§ **Prompt**:
Exactly the lines below from the line with "72 Pine Island" through the line with "食物心形生鲜肉牛排 深色表面 顶视图生的心烧烤" must make up the answer, both ends included and pictures left out.
[[ Material shown, beginning ]]
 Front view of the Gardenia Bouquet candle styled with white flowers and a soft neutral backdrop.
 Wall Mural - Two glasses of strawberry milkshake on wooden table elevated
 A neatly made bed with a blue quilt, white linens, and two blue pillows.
[[ Material shown, end ]]
[[ Material shown, beginning ]]
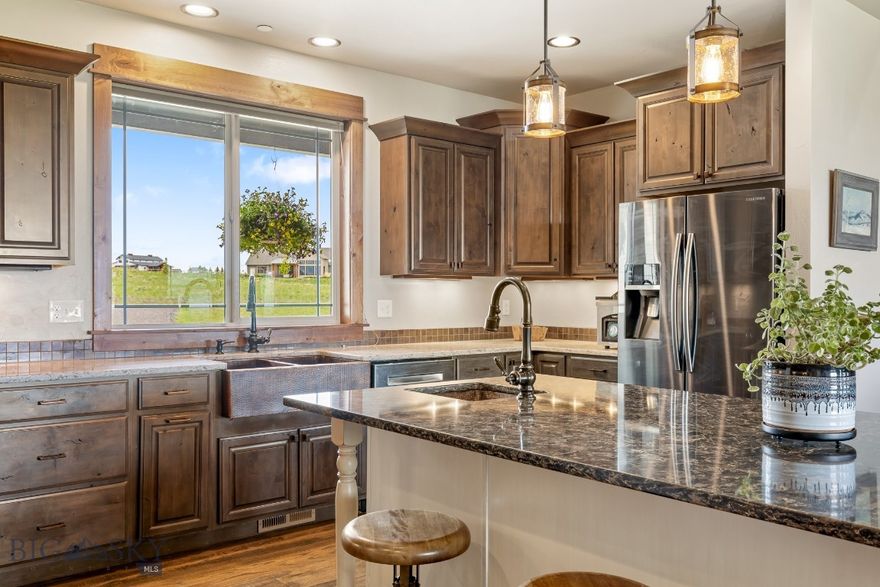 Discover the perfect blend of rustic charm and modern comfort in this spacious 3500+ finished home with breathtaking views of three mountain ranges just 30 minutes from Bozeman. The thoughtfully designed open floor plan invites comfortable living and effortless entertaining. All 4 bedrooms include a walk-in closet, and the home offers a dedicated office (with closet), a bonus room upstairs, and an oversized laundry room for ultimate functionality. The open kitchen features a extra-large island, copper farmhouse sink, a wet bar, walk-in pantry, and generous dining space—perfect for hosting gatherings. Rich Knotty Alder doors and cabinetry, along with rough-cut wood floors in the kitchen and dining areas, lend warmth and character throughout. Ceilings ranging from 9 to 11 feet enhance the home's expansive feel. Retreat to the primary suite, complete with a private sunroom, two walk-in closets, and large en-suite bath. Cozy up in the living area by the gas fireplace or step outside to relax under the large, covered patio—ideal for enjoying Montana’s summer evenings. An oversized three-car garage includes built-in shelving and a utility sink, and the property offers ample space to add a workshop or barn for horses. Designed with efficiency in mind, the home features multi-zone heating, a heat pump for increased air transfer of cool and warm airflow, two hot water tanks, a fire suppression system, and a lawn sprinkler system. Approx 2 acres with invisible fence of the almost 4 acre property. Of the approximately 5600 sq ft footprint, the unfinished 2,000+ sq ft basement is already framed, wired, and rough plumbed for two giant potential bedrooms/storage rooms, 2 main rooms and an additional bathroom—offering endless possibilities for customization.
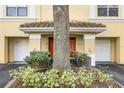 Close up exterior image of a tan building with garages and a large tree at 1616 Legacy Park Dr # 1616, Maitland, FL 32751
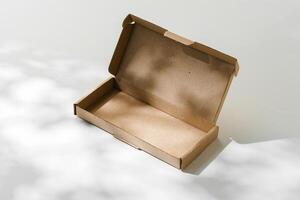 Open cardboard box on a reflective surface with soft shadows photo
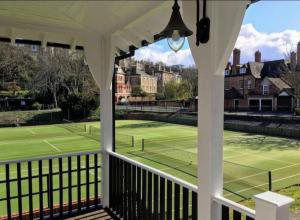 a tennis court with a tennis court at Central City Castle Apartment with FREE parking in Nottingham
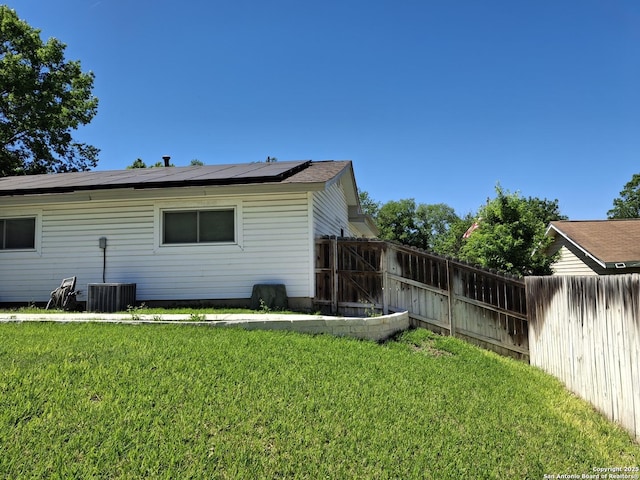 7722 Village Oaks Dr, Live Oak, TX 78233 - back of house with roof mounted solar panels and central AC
[[ Material shown, end ]]
[[ Material shown, beginning ]]
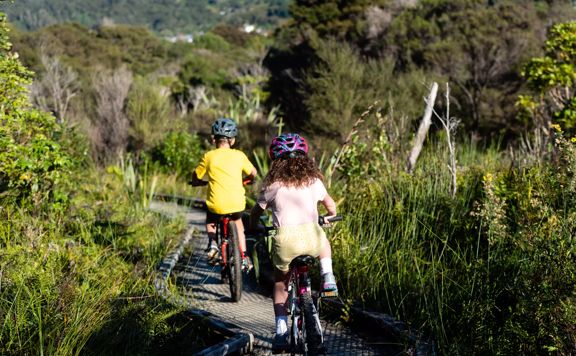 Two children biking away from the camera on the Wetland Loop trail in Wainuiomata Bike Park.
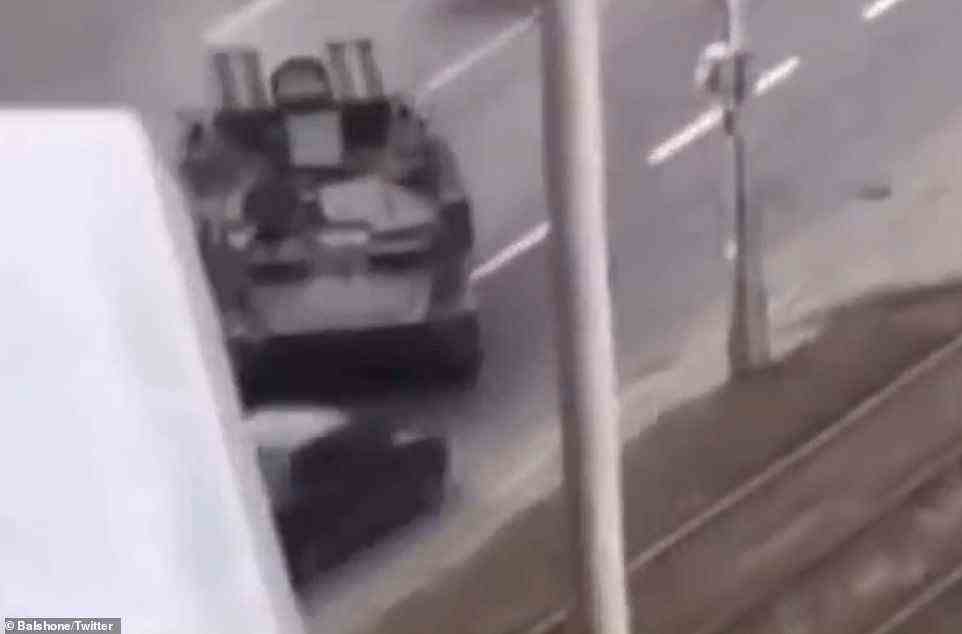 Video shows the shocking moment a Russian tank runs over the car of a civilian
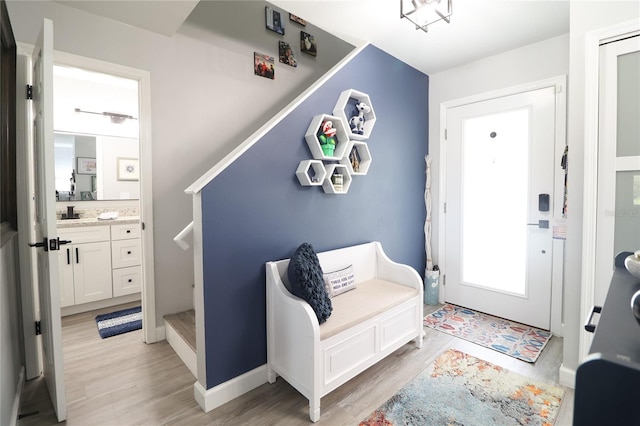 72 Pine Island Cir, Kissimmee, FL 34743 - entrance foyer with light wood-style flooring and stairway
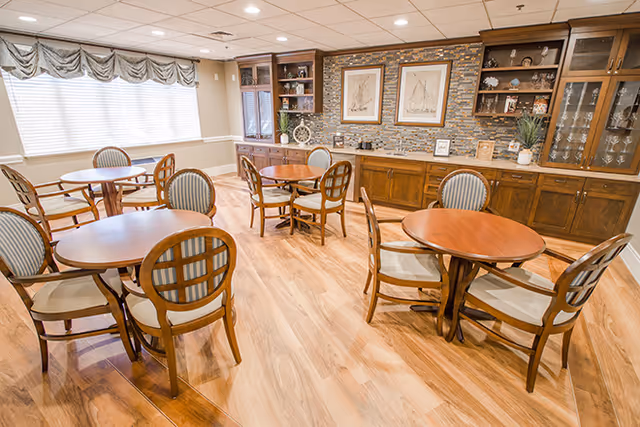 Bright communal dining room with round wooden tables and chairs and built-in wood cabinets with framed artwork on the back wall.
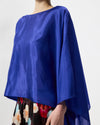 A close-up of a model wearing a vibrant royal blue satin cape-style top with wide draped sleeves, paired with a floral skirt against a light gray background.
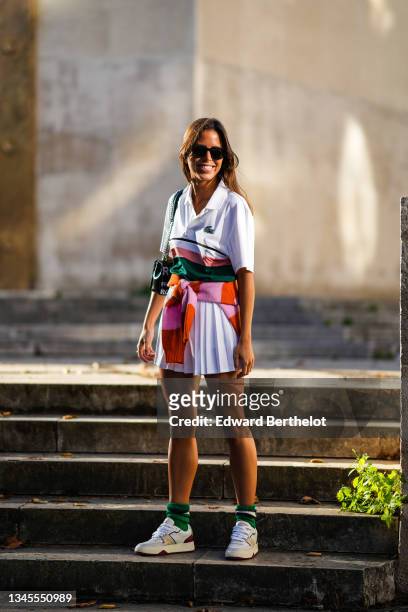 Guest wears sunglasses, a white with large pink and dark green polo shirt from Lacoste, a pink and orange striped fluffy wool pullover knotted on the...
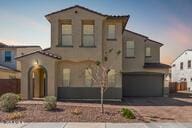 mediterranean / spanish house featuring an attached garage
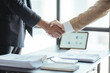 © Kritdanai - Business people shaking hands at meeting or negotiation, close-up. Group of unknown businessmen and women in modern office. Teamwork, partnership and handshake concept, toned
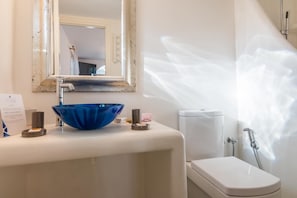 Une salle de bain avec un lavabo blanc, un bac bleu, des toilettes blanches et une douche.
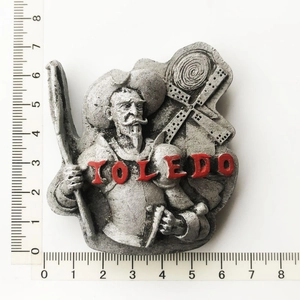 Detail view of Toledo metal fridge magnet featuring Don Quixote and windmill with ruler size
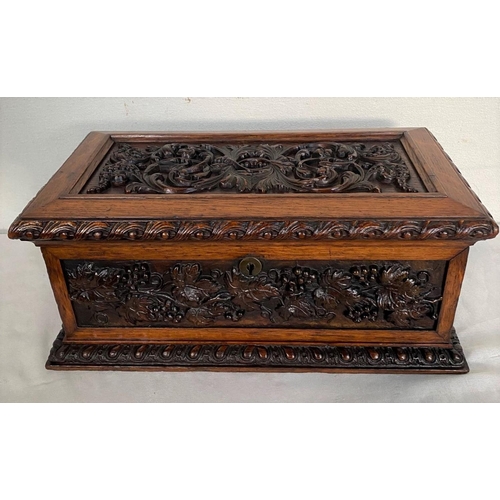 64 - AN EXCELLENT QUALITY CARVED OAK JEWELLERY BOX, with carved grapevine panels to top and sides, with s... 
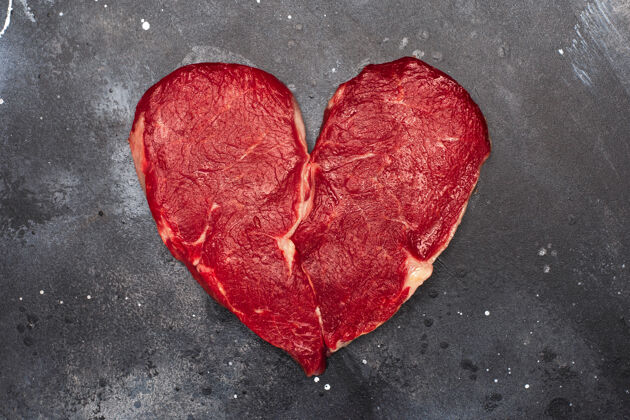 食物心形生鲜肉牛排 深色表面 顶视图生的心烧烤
[[ Material shown, end ]]
§ **Written answer**:
 72 Pine Island Cir, Kissimmee, FL 34743 - entrance foyer with light wood-style flooring and stairway
 Bright communal dining room with round wooden tables and chairs and built-in wood cabinets with framed artwork on the back wall.
 A close-up of a model wearing a vibrant royal blue satin cape-style top with wide draped sleeves, paired with a floral skirt against a light gray background.
 Guest wears sunglasses, a white with large pink and dark green polo shirt from Lacoste, a pink and orange striped fluffy wool pullover knotted on the...
 mediterranean / spanish house featuring an attached garage
 © Kritdanai - Business people shaking hands at meeting or negotiation, close-up. Group of unknown businessmen and women in modern office. Teamwork, partnership and handshake concept, toned
 Une salle de bain avec un lavabo blanc, un bac bleu, des toilettes blanches et une douche.
 Detail view of Toledo metal fridge magnet featuring Don Quixote and windmill with ruler size
 64 - AN EXCELLENT QUALITY CARVED OAK JEWELLERY BOX, with carved grapevine panels to top and sides, with s... 
 食物心形生鲜肉牛排 深色表面 顶视图生的心烧烤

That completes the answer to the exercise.